Furthermore, bioelectrical impedance analysis (BIA) revealed variations in body composition between the two groups across different developmental stages. During childhood and pre-adolescence, individuals with ASD exhibited significantly higher levels of fat mass (FM) and total body fat percentage (PBF) compared controls. Interestingly, these differences were not observed during adolescence. Similarly, the levels of fat-free mass (FFM) showed no significant difference across all age groups. These findings suggest age-related variations in body composition. In fact, younger children and pre-adolescents diagnosed with ASD exhibited a greater proportion of body fat, indicating overweight, necessitating targeted interventions to address dietary habits, physical activity levels, and sensory sensitivities that may influence these outcomes. Throughout adolescence, both individuals with ASD and typically developing controls experience substantial rapid physical growth and hormonal fluctuations [68]. It may be possible that these changes affect both groups similarly, thereby reducing the observed differences in body composition and anthropometric measurements.
Moreover, we investigated the relationship between sociodemographic characteristics and the occurrence of overweight and obesity in ASD children. Our analysis indicated that variables such as age, gender, and geographic location did not exhibit significant associations with weight status among this population. This finding is consistent with previous studies. In fact, Healy et al. did not identify any correlation between age and the occurrence of obesity in children diagnosed with ASD. Similarly, Sammels et al. found no relationship between the prevalence of obesity and the gender of the children with ASD [69]. Future research should investigate the association between the occurrence of obesity and several factors, including the severity of ASD diagnosis, medication use, as well as levels of physical activity, dietary habits, and sleep patterns.
We acknowledge several limitations in this study. The first is the relatively smaller sample size of adolescents compared to younger children and pre-adolescents. Factors like medication use, physical activity levels, which could have provided valuable insights, and dietary intake were not evaluated. Additionally, the measurement parameters of BIA are susceptible to variations caused by factors such as physical activity, fluid and food intake, hydration status, and electrode placement methods, potentially leading to inaccuracies in BIA readings [70]. However, to ensure the accuracy and reliability of our BIA measurements, we implemented stringent protocols.
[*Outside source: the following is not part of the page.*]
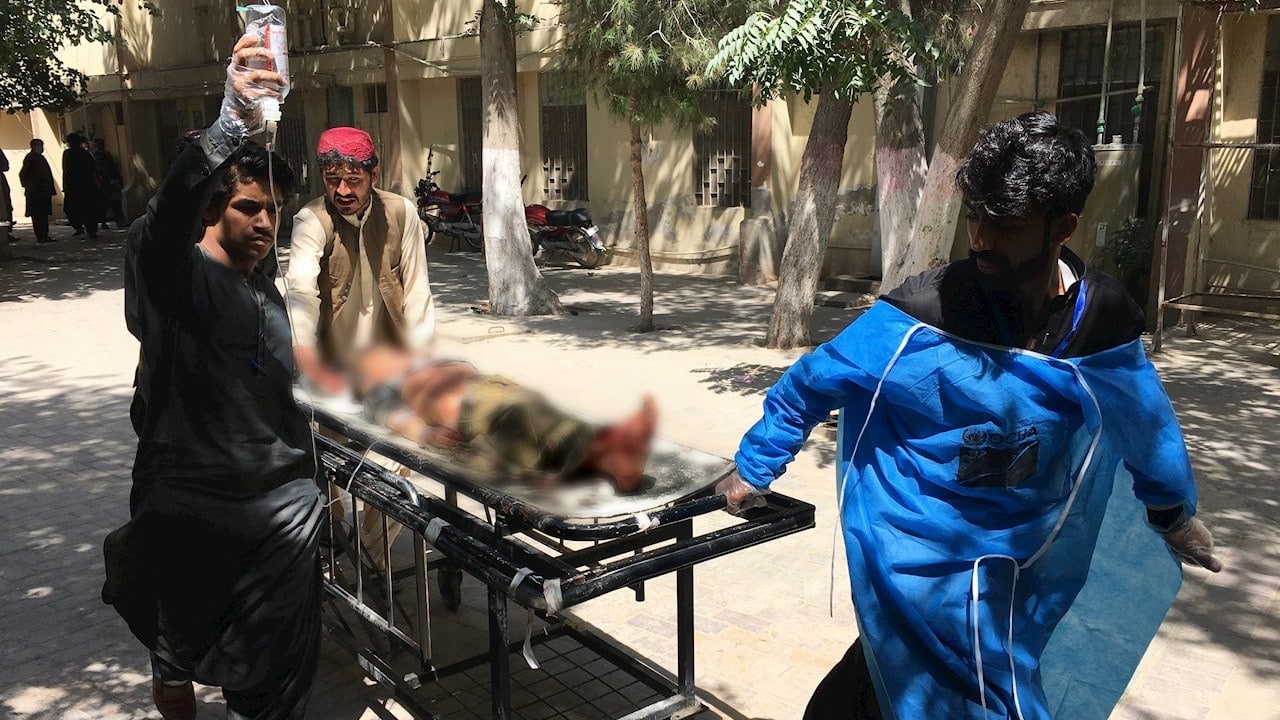 Médicos atienden a una persona herida en Afganistán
Before testing, participants were advised to fast overnight, empty their bladders, and avoid exercise for 24 h. Therefore, future research should aim to incorporate validated methods for assessing pubertal status, such as Tanner staging or hormone level measurements, to better understand its impact on weight-related outcomes in this population. Moreover, future research could focus on examining the correlation between medication use, physical activity levels, dietary intake, and the prevalence of obesity and overweight in ASD individuals.

5. Conclusions

In conclusion, our study has shown that individuals with ASD exhibit alarming rates of overweight and obesity during childhood and pre-adolescence when compared to their neurotypical counterparts. This finding highlights the urgent need for targeted interventions to address weight-related health challenges in this population. Furthermore, distinct disparities in body composition during childhood and pre-adolescence were evident between the two groups. However, no differences in FM, FFM, and PBF were observed in adolescents between the groups. Future research could focus on evaluating factors such as medication use, physical activity, and dietary intake. Additionally, incorporating validated methods for assessing pubertal status, such as Tanner staging or hormone level measurements, could provide deeper insights into its influence on weight-related outcomes in this population. These investigations hold promise for enhancing their quality of life and overall well-being.

Author Contributions

W.H., C.R.A., T.B., Y.S. and M.R. conceptualized and designed this project. Data analysis and interpretation of results were performed by all authors. M.R. wrote this paper. All authors have read and agreed to the published version of the manuscript.

Funding

This project was financially supported by the Program 3R Lebanon established by the Francophonie University Agency (AUF) and the National Council for Scientific Research in Lebanon (CNRS-L) (DRMO-6618-1422/2021.3.5).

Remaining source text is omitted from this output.